Todd...I'm certainly considering your 1/8 scale Nosferatu. I really like the pose and the price is right. I'm planning on buying a Nossy next month...I really like the David Grasso sculpt, too...just not sure if I want to pay that much.

Ben


----------



## Gerry-Lynn (Mar 20, 2002)

All of these are great - For the money - Resin kit - Dedhem is well done - The other one is as well; but like you said - "Pricey". The styrene is fun and can be altered for the look you want. I like the 1/8th Dedhem kit the best.

My two-cents worth.

Gerry-Lynn


----------



## Todd P. (Apr 12, 2007)

Ben, you're bound to find a few possibilities. Graf Orlok is one of the most popular garage-kit subjects and there are a lot of good ones. The first resin kit I ever did was a Nosferatu offered by Amazing Figure Modeler, 1/8 scale and sculpted by Staffan Linder.

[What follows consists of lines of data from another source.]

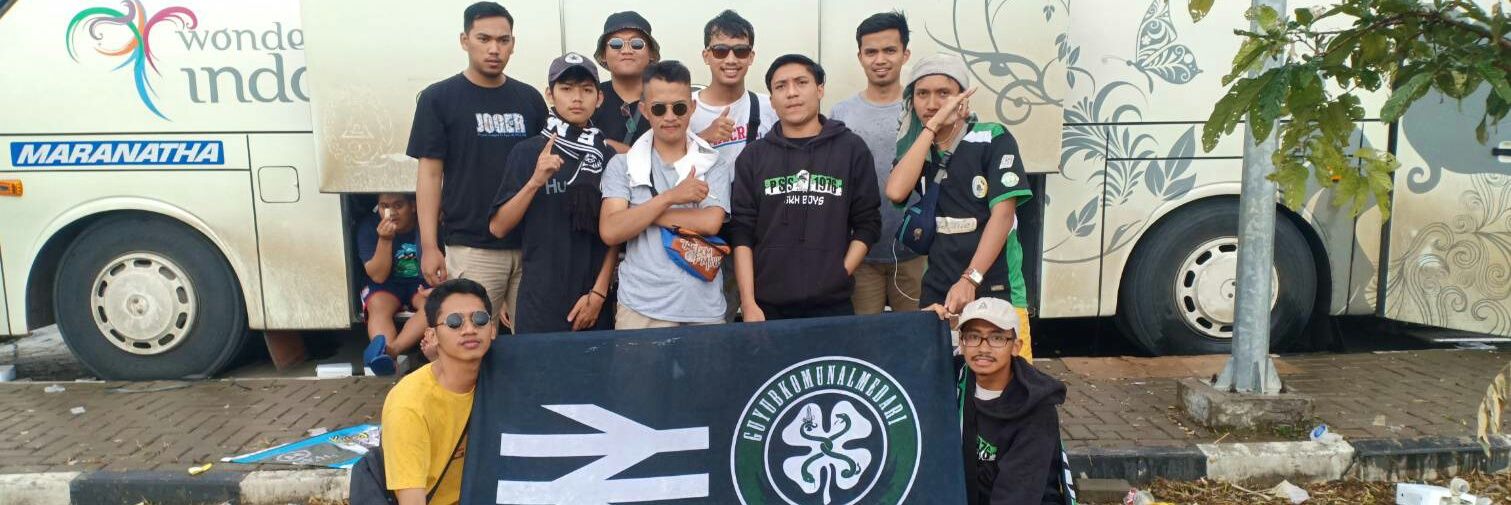 pakdimdim_76's profile banner image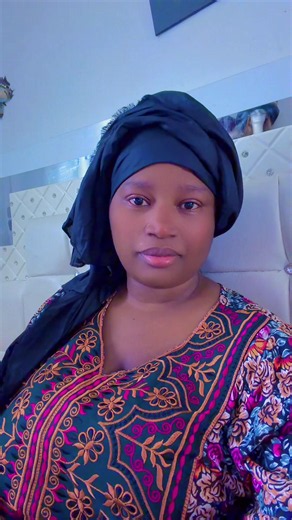 Mme Diaby Fatima — Manba Diaby DS Ka Jus de Zanba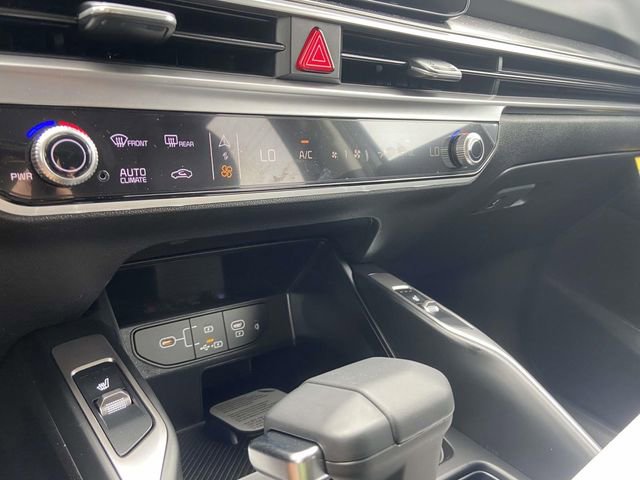 New 2026 Kia Sorento S image 20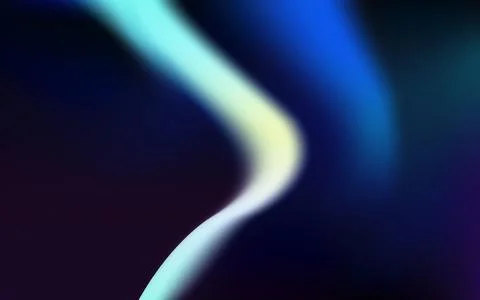 Abstract Background, Gradient Blue Blue Waves with Noise Textures, Rough Gr.. Stock Photos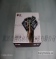 数码产品包装盒SS-03.jpg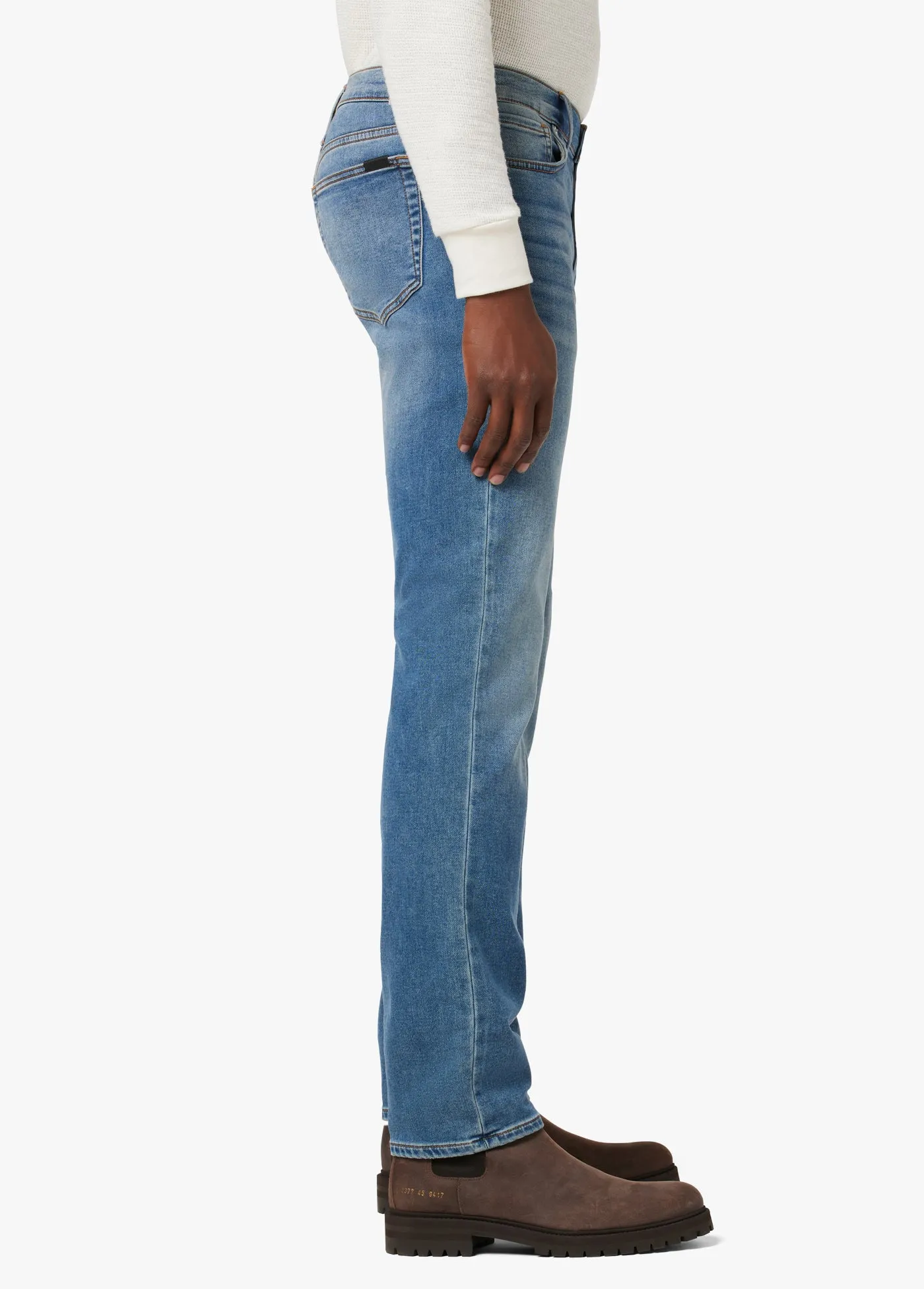 THE BRIXTON sold by Joe's Jeans product image thumbnail 2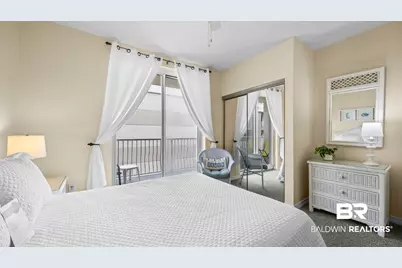 25360 Perdido Beach Boulevard #501, Orange Beach, AL 36561 - Photo 32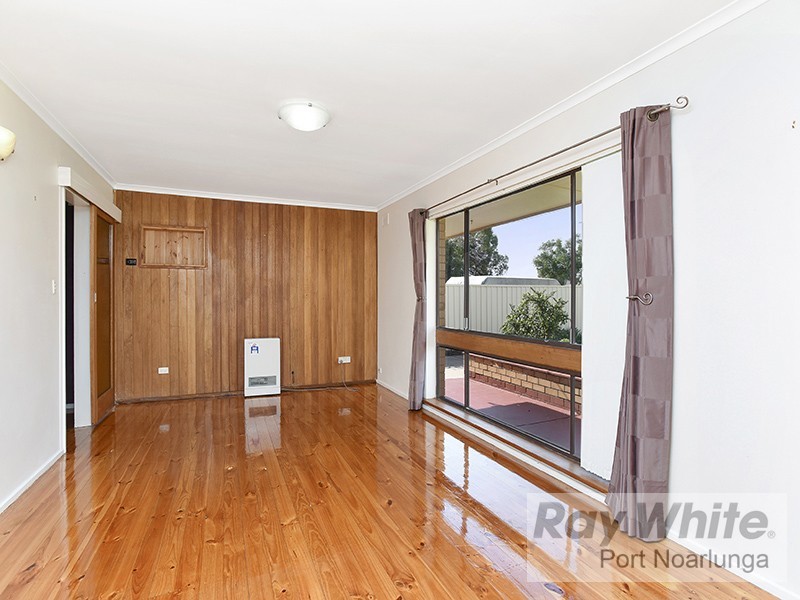 227 Commercial Road, Port Noarlunga South SA 5167
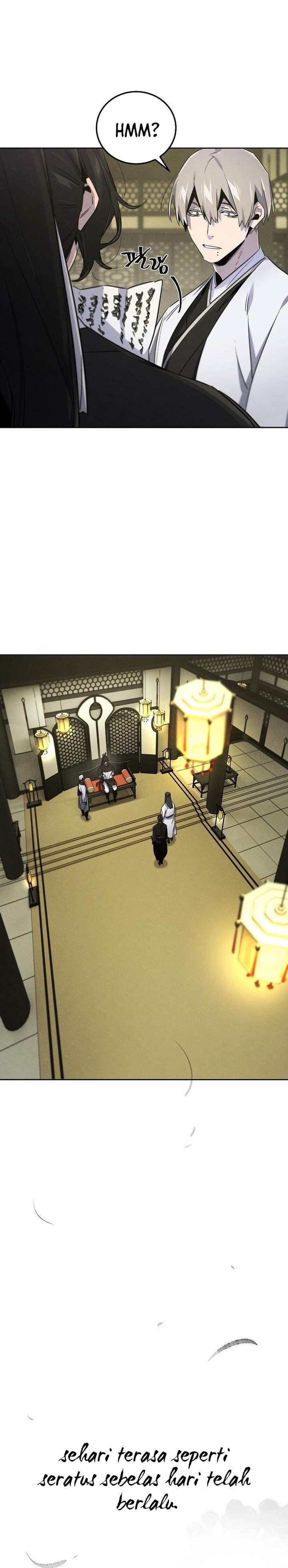 image-komik-return-of-the-mad-demon-chapter-171-22/30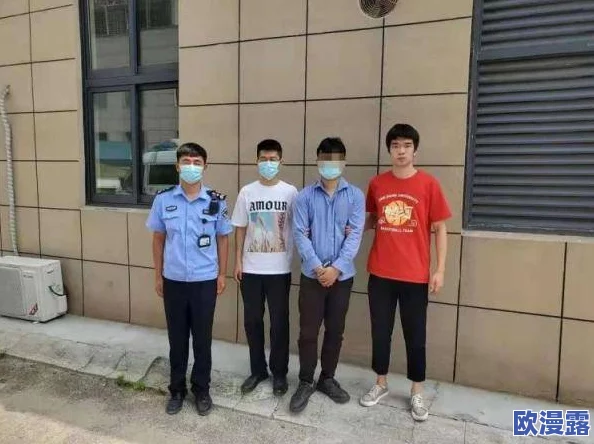 男的把J放进女人下面视频免费惊爆!真实记录令人震惊的瞬间,观看后让人无法自拔,绝对不容错过的精彩内容! 男的把J放进女人下面视频免费惊爆!真实记录令人震惊的瞬间,观看后让人无法自拔,绝对不容错过的精彩内容!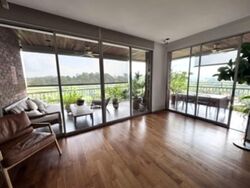 Nassim Mansion (D10), Apartment #560341821
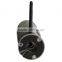 full hd 1080p digital wireless ip camera with CE FCC Rosh Certificate outdoor wifi cctv camera                        
                                                                Most Popular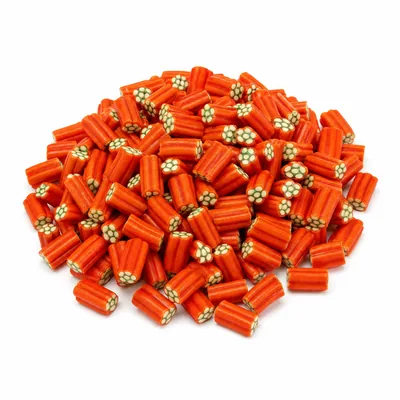 King Regal King Regal Revolver Strawberry, wholesale Swedish candy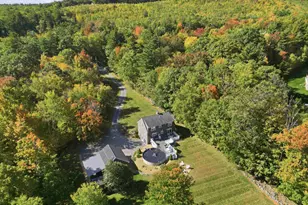 45 Woodhill Hooksett Rd, Bow, NH 03304 - Photo 53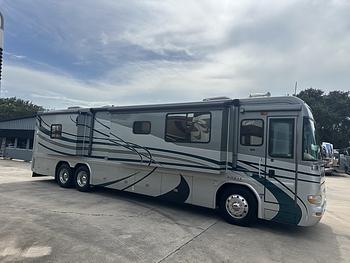 Thumbnail of RV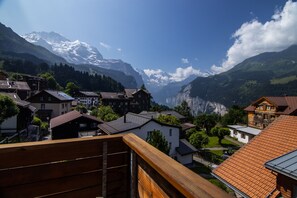 Views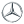 Favicon of Mobility-Centro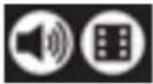 ATEN VM5808H - Independent Output - 2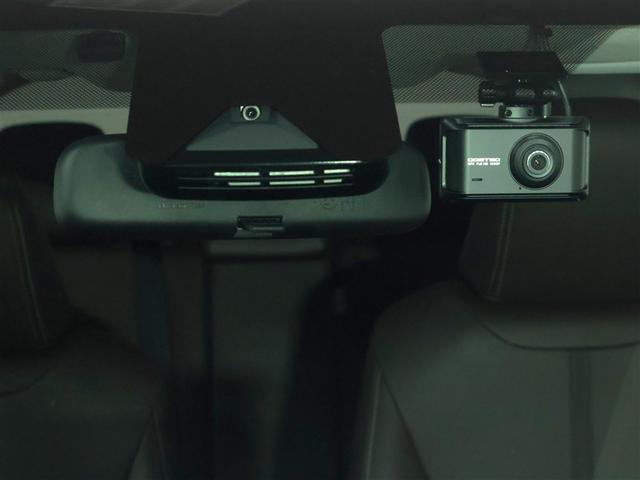 ヤリスクロス ハイブリッドＺ（13枚目）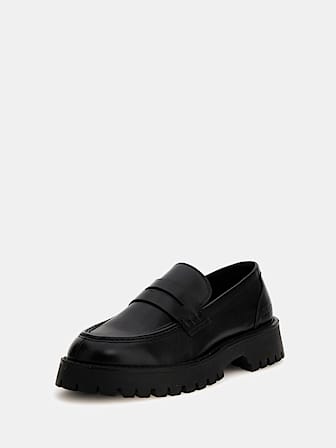 Sito ufficiale guess scarpe sale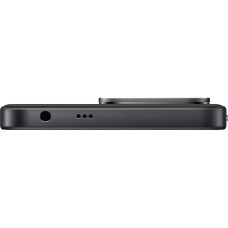 Мобильный телефон Xiaomi Redmi 17 4/128GB Black (UA)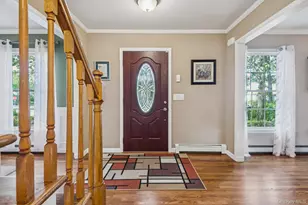 17 Sunwood Dr, Miller Place, NY 11764 - Photo 13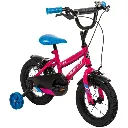 Huffy So Sweet 12 inch Kids Bike _24.webp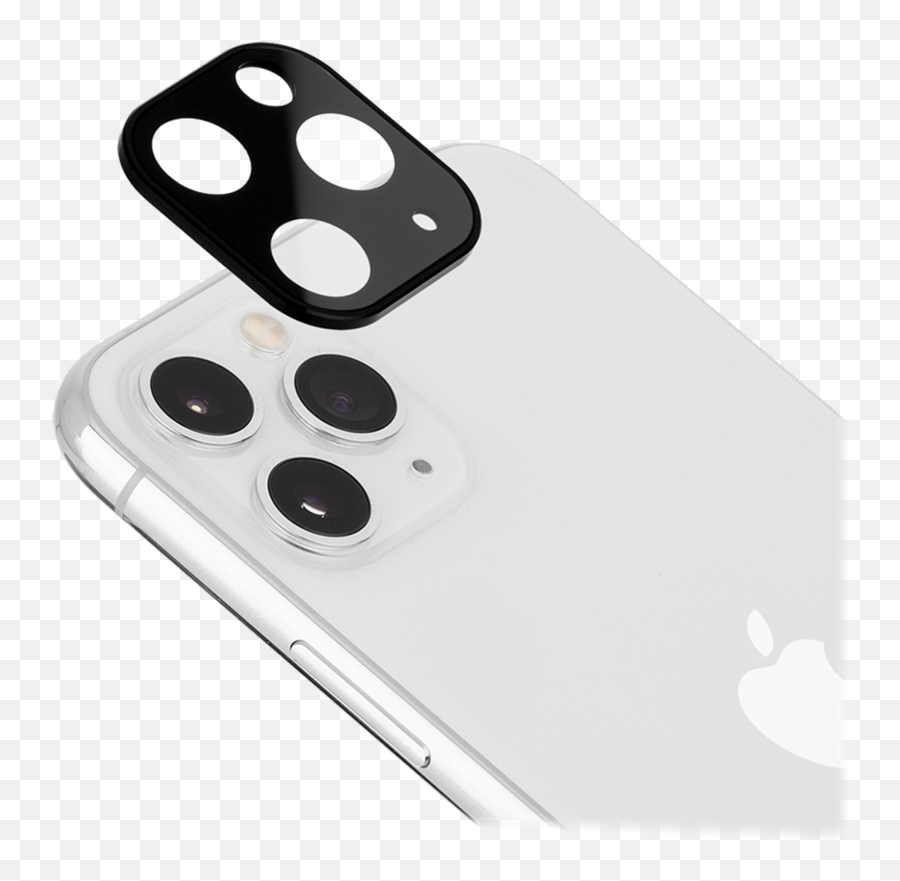 Case - Mate Iphone 11 Proiphone 11 Pro Max Rear Camera Lens Protector De Lente De Camara Iphone 11 Emoji,Iphone 11 Png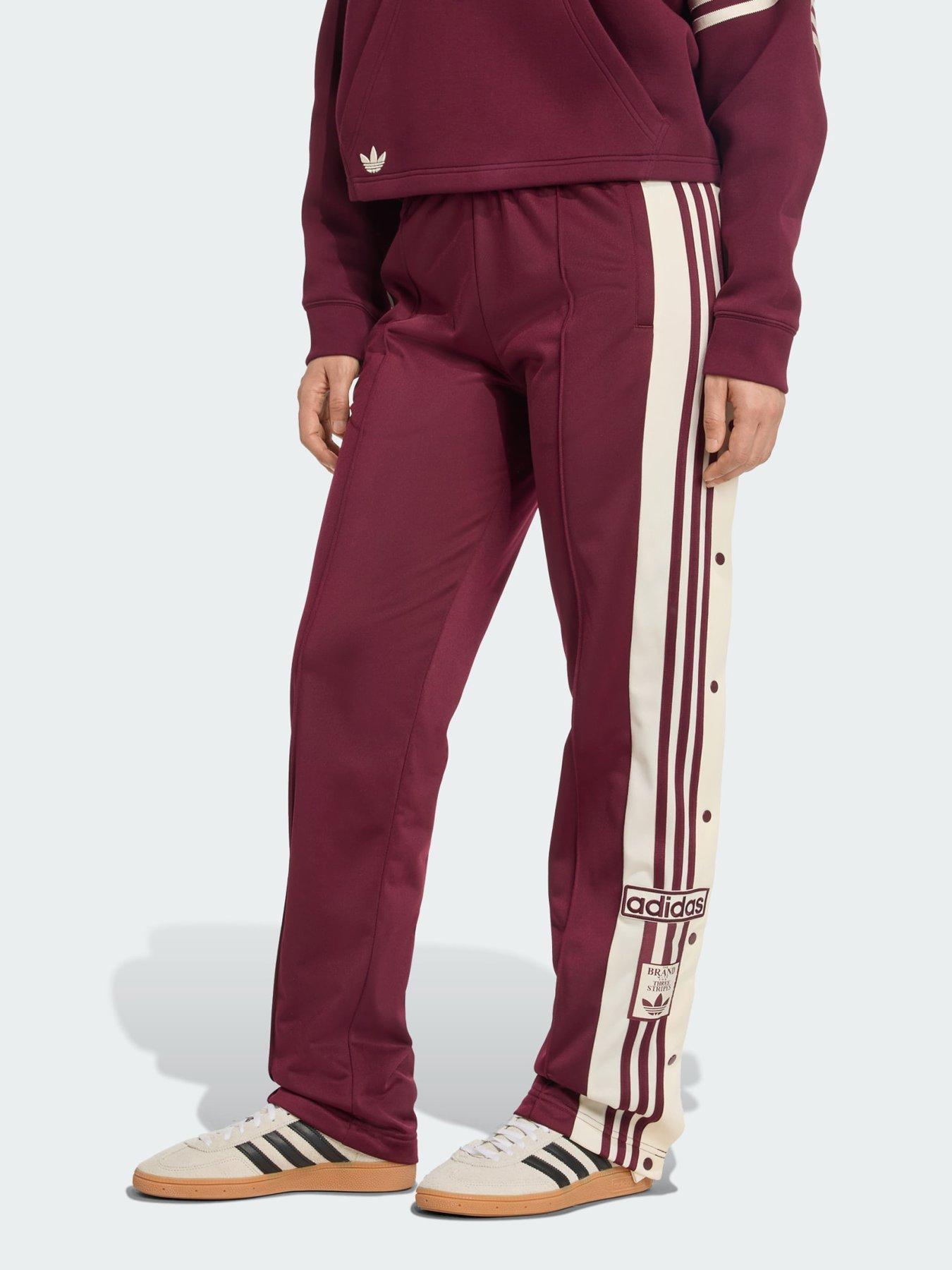 undefined Adibreak Pants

It was about $100 counting U.S. shipping when it was available, but it has been out of production for years. My wife gave it to me for Christmas in 2001, soon after I rediscovered the hobby, and I finished it in early 2002. I plan to eventually strip it down and do it again.


----------



## septimuspretori (Jan 26, 2011)

Todd P. said:


> Ben, you're bound to find a few possibilities. Graf Orlok is one of the most popular garage-kit subjects and there are a lot of good ones. The first resin kit I ever did was a Nosferatu offered by Amazing Figure Modeler, 1/8 scale and sculpted by Staffan Linder.
> 
> 
> 
> ...


Man, Todd...that's awesome!!! Not even sure why you want to strip this down and repaint it!!

Ben


----------



## Hunch (Apr 6, 2003)

Todd, The Grasso is INCREDIBLE and the AFM one is FANTASTIC. Could you please post a pic of the one you are producing as I am unaware of that sculpt. Pretty please?
J Webb


----------



## Todd P. (Apr 12, 2007)

Hi, Hunch. Here's mine. It's 1/8 scale, sculpted, molded and cast by Joe Simon. Thanks.


----------



## apls (Dec 5, 2005)

The Dedham Pond is on my Christmas list, I want that one. I have the Monarch which is good, too. I also have one by Randy Bowen, a 1/8th scale that is very rare.


----------



## deadmanincfan (Mar 11, 2008)

Monarch and Dedham Pond, fer shure!


----------



## rhinooctopus (May 22, 2011)

*Nosferatu*



septimuspretori said:


> Man, Todd...that's awesome!!! Not even sure why you want to strip this down and repaint it!!
> 
> Ben


I have the "Killer Kits" Nosferatu...coming out of the ship hatch, my fave!
If you decide you are hot for the AFM kit, I have one MIB that I would part with.PM me if interested.

Phil K


----------



## septimuspretori (Jan 26, 2011)

rhinooctopus said:


> I have the "Killer Kits" Nosferatu...coming out of the ship hatch, my fave!
> If you decide you are hot for the AFM kit, I have one MIB that I would part with.PM me if interested.
> 
> Phil K


Hold that thought for a few days if you don't mind...BTW I've seen the Killer Kits Nossy and it really is a thing of beauty!!

Ben


----------



## wolfman66 (Feb 18, 2006)

Ben 4 favs of mine is the YC Nossy that one yagher nailed his death scene better than anyone could and then the other 3 is the D/C one carrying the casket and the Nocterna kit and last the yagher Monarch.


----------